Corporations, interest groups spend fortunes on ballot measures
Some of the most expensive campaigns this fall will be waged between the wealthiest corporations and best-funded interest groups in America, as those groups vie to pass or block ballot initiatives in states across the country.
Voters in 38 states will decide whether to approve or reject at least 150 ballot measures this November. Collectively, those measures could match or surpass the $1 billion that supporters and opponents spent on ballot measures in 2016.
{mosads}Some of the measures touch on the most controversial issues dividing American politics: Alabama voters will decide whether to allow the Ten Commandments to be displayed on state property; voters in Alabama, Oregon and West Virginia will be asked whether to severely limit abortion rights.
But those that will attract the most spending are often seemingly mundane changes to laws voters rarely consider, like housing, energy monopolies and casino gambling. The five most expensive ballot measures being contested this November have already seen a combined $150 million in spending.
That spending is driven almost entirely by major corporate or special interest groups like labor unions, two factions that often fight to a stalemate in state legislatures. So they turn to voters, a decision that costs both sides far more — but one that delivers a clear verdict.
“This is one area in which [corporations] can have unfettered spending.
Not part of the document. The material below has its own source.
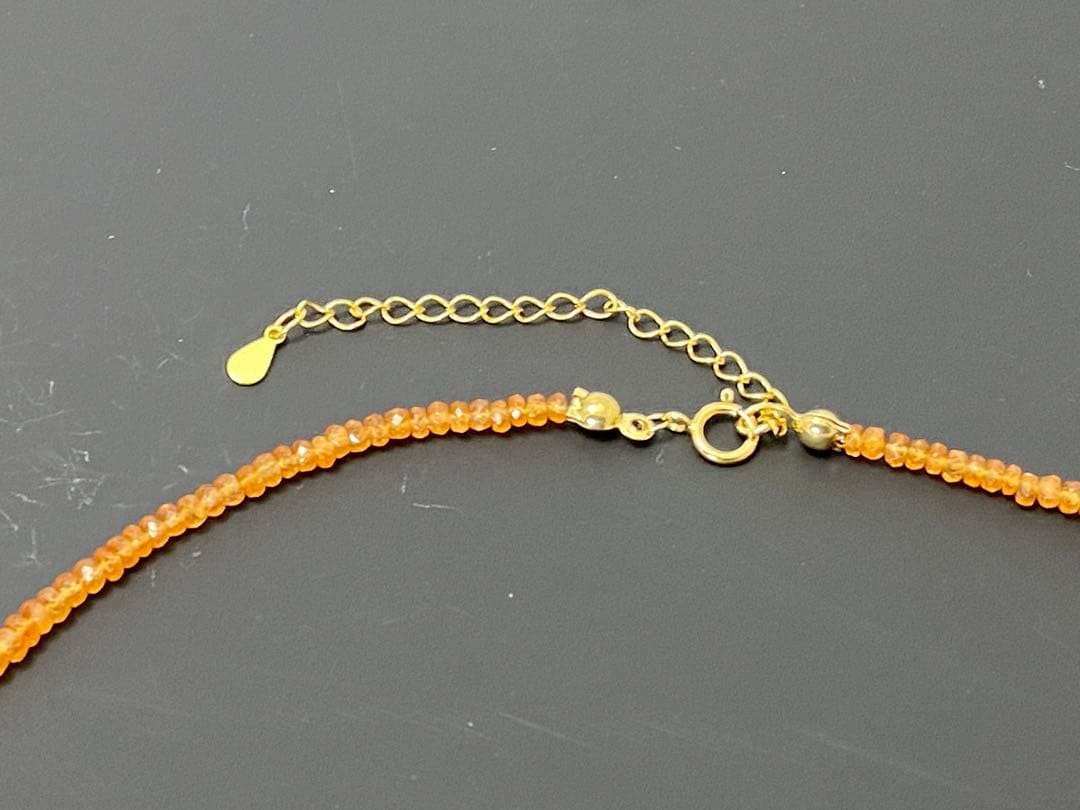 マンダリン（スペサルタイト・スペサルティン）ガーネットネックレス　シルバー925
Campaign finance law says you can’t corrupt an initiative,” said Thad Kousser, a political scientist at the University of California-San Diego. “They spend millions because the policy stakes are in the billions.”
California voters are often subjected to the most expensive contests of any given election cycle.
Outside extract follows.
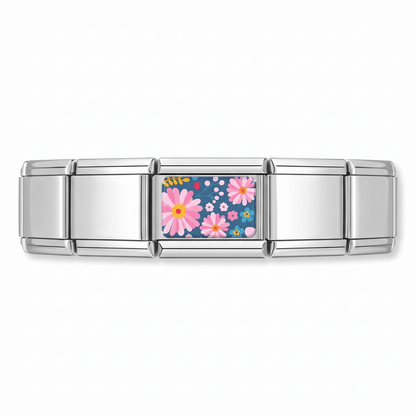 Charm Flores (Fondo Azul) en pulsera italiana de eslabones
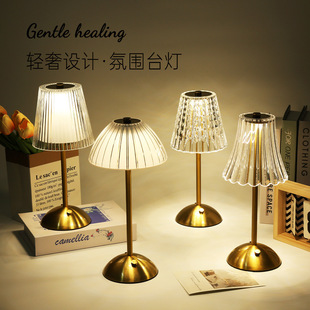 Crystal Retro Table Lamp Bedroom Bedside Lamp Light Luxury Atmosphere Lamp Bedside Table Lamp Rechargeable Night Light Master Bedroom High-End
This year, ballot measure campaigns in California have attracted $129 million — about $29 million more than U.S. Senate candidates have raised in Florida and Texas, the two most expensive races of the year so far.
Three ballot measures are driving huge amounts of spending in California: Housing advocates and owners have spent $41 million fighting over a proposal to allow cities to implement rent control.
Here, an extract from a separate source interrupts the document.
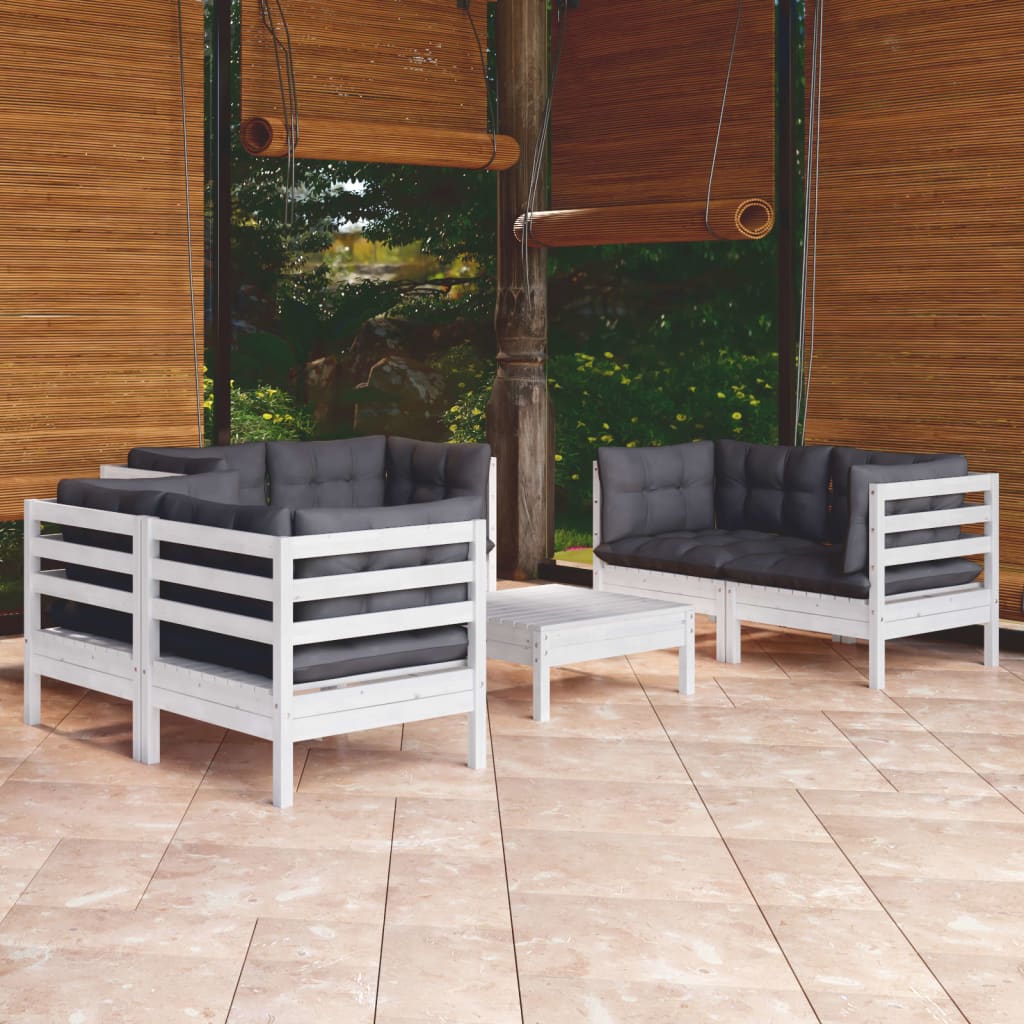 vidaXL 7-Piece Lounge Set with Grey Cushions Pine Wood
A health-care workers’ union is battling kidney dialysis companies over the costs of care, to the tune of $27 million.
And Republicans are facing labor unions in a battle over the state’s gas tax, a repeal measure that has drawn $24 million in spending, the vast majority of it from unions that want to keep a Democratic-passed tax hike to pay for infrastructure.
Corporate interests use direct democracy to advance their own causes in other states, too.
The Disney Corporation and the Seminole Tribe are financing a $27 million campaign to limit the number of casinos in Florida.
Casinos and a data-processing company are fighting over deregulation with a Nevada electric utility, owned by Warren Buffett’s Berkshire Hathaway, to the tune of $31 million so far.
Even initiatives in small states can draw big spending. Oil companies and gold mining companies have poured $9 million into a campaign against new protections for salmon habitat. A fight over new rules for hard rock mine permits in Montana has attracted almost $2 million in spending.
Sometimes, wealthy donors spend millions of their own money to influence a ballot measure.
The billionaire hedge fund manager Tom Steyer, said to be contemplating a presidential bid in 2020, has poured more than $8 million into an Arizona initiative to require electric companies to rely increasingly on renewable energy; Pinnacle West Capital Corporation, Arizona’s largest utility, has spent $11 million against the measure.
Corporations, special interests or major labor unions decide to invest millions in pursuing a ballot measure when they conclude they cannot advance their cause through the legislature, said Gale Kaufman, a veteran Sacramento-based ballot measure strategist who has worked for union groups in California.
Some legislatures are too cautious to take up a controversial issue, so they leave the decision to voters.
In other cases, corporations and interest groups may be so deadlocked within a legislature that the only way to break the status quo is to fund an initiative; voters do not get the option to bottle an initiative up in committee.
“The decision to go forward with an initiative is usually based on a lot of research and the belief that starting in the legislature would not get anywhere,” Kaufman said.
She pointed to an initiative she ran that legalized recreational marijuana in California, a measure that went on the ballot only after a year of policy and political research. The legislature was unlikely to legalize marijuana, so legalization backers turned to voters.
“Ballot measures are a tool, not only for the people but for anyone who has a vested interest,” said Chris Melody Fields Figueredo, executive director of the left-leaning Ballot Initiative Strategy Center.
Almost all of the 150 measures on state ballots this year are either referred to the ballot by state legislators or sent to the ballot after supporters gather enough signatures.
The small handful of remaining measures are either referendums asking voters to veto legislation already passed by a state legislature, or bond measures that must be approved or renewed from time to time.